June truly believes that she’s becoming the minority in the writing world. That unless you’re a BIPOC writer you can’t get a look in from agents and publishers. The focus is on ‘own voice’ fiction and no one wants to hear from yet another white girl. I thought about the controversy around the book American Dirt when reading this. Writing is all about imagination and an author can imagine anything. An author can also research anything, but is research enough when you’re attempting to write from the perspective of someone with a disability, or someone LGBTQ+. I have to mention the proliferation of books from a neuro-divergent perspective by writers who have experience in this area, but who aren’t neuro-divergent themselves. I can understand the concern about it, but I’ve also really learned from some of these books and been led to other reading so I could educate myself. Where does ‘own voice’ writing end? Are we saying that a male writer can’t write in the voice of a female character? Writing is all about creativity so if we can only ever write from our own viewpoint wouldn’t it get a little boring? Should publishers accept a manuscript from a white writer who’s writing outside their own experience, if they are inundated with own voice manuscripts of equal merit?
“She’s using the pen name Juniper Song to pretend to be Chinese American. She’s taken new author photos to look more tan and ethnic, but she’s as white as they come. June Hayward you are a thief and a liar. You’ve stolen my legacy and now you spit on my grave’.
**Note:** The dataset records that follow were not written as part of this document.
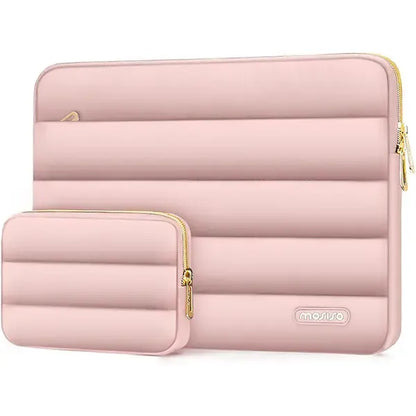 Puffy Laptop Sleeve with Small Case, Soft Protective Bag for 13-15.4 inch Devices – Slim, Lightweight &amp; Shockproof, Compatible with MacBook/HP/Dell/ASUS, Ideal for Work, Commute, Travel, School &amp; Daily Use, Polyester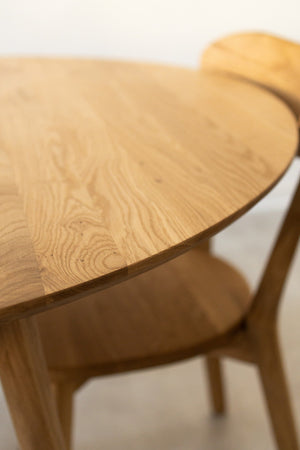 Mesa de jantar redonda extensível em carvalho maciço Escandi 3, 100-130 x 100 x 75 cm | NordicStory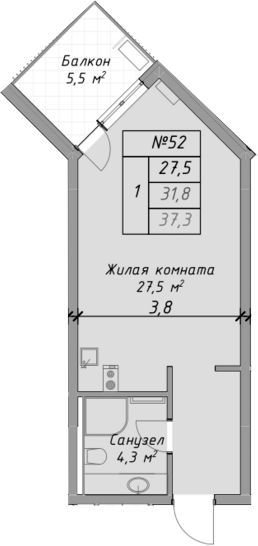 Планировка — Оазис Азова, Студия, 32 м²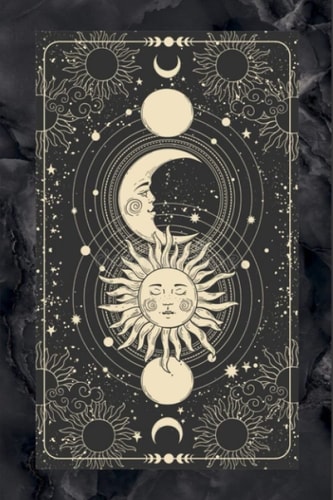 Astrology Notebook: Black Misty Tarot Card Design | 6" x 9"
I loved that this book addressed those big issues, but it was also entertaining, delicious and disturbing in equal measure. I really enjoyed the ins and outs of the publishing world and the gossipy social media ‘blow-up’ feel of the book. Then there were moments that were more uncomfortable and challenging. It addressed what a lonely job it is to be a writer and how that isolation magnifies other aspects of being an author such as the negativity of social media and the perils of comparison. I wasn’t sure about June but that meant her character stayed with me. On one hand I felt she deserved to be exposed, but when I saw the reality of that I felt really bad for her. This was such a clever novel, so complex, full of amazing contemporary issues and always entertaining.
Meet the Author

Rebecca F. Kuang is the #1 New York Times bestselling and Hugo, Nebula, Locus, and World Fantasy Award nominated author of Babel, the Poppy War trilogy, and the forthcoming Yellowface. She is a Marshall Scholar, translator, and has an MPhil in Chinese Studies from Cambridge and an MSc in Contemporary Chinese Studies from Oxford. She is now pursuing a PhD in East Asian Languages and Literatures at Yale.